263-5210-00: Probabilistic Artificial Intelligence

Section 3 Gaussian Processes

Swiss Federal Institute of Technology Zurich

Eidgenössische Technische Hochschule Zürich

Last Edit Date: 10/12/2024

Disclaimer and Term of Use:

We do not guarantee the accuracy and completeness of the summary content. Some of the course material may not be included, and some of the content in the summary may not be correct. You should use this file properly and legally. We are not responsible for any results from using this file

This personal note is adapted from Professor Andreas Krause. Please contact us to delete this file if you think your rights have been violated.

This work is licensed under a Creative Commons Attribution 4.0 International License.

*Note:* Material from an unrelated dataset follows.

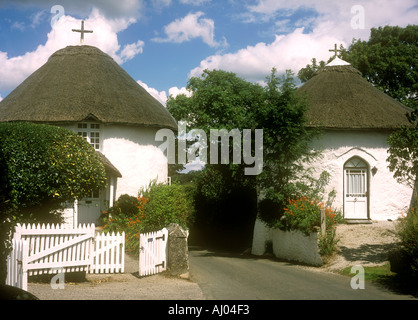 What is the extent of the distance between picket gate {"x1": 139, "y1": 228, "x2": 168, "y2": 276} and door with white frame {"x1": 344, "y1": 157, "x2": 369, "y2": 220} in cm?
1072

We obtain Gaussian processes by extending the function-space view of Bayesian linear regression to infinite domains. We are still concerned with the problem of estimating the value of a function $f : X \rightarrow \mathbb{R}$ at arbitrary points $x^* \in X$ given training data $\{ x_i, y_i \}_{i = 1}^n$, where the labels are assumed to be corrupted by homoscedastic Gaussian noise,

$$y_i = f(x_i) + \epsilon_i$$

where $\epsilon_i \sim N(0, \sigma_n^2)$. We will denote $\textbf{X}$ as the design matrix (collection of training inputs) and $\textbf{y}$ as the vector of training labels.

Definition of Gaussian Process:

A Gaussian process is an infinite set of random variables such that any finite number of them are jointly Gaussian.

We use a set $\mathcal{X}$ to index the collection of random variables. A Gaussian process is characterized by a mean funciton $\mu : \mathcal{X} \rightarrow \mathbb{R}$ and a covariance function (kernel function) $k : \mathcal{X} \times \mathcal{X} \rightarrow \mathbb{R}$ such that for any $A = \{ x_1, ..., x_m \} \subseteq \mathcal{X}$ we have

$$f_A = \left[ f_{x_1} \cdots f_{x_M} \right]^T \sim N(\mu_a, \textbf{K}_{AA})$$

where $\mu_A = \begin{bmatrix} \mu(x_1) \\ \vdots \\ \mu(x_m) \end{bmatrix}$ and $\textbf{K}_{AA} = \begin{bmatrix} k(x_1, x_1) & \cdots & k(x_1, x_m) \\ \vdots & \ddots & \vdots \\ k(x_m, x_1) & \cdots & k(x_m, x_m) \end{bmatrix}$.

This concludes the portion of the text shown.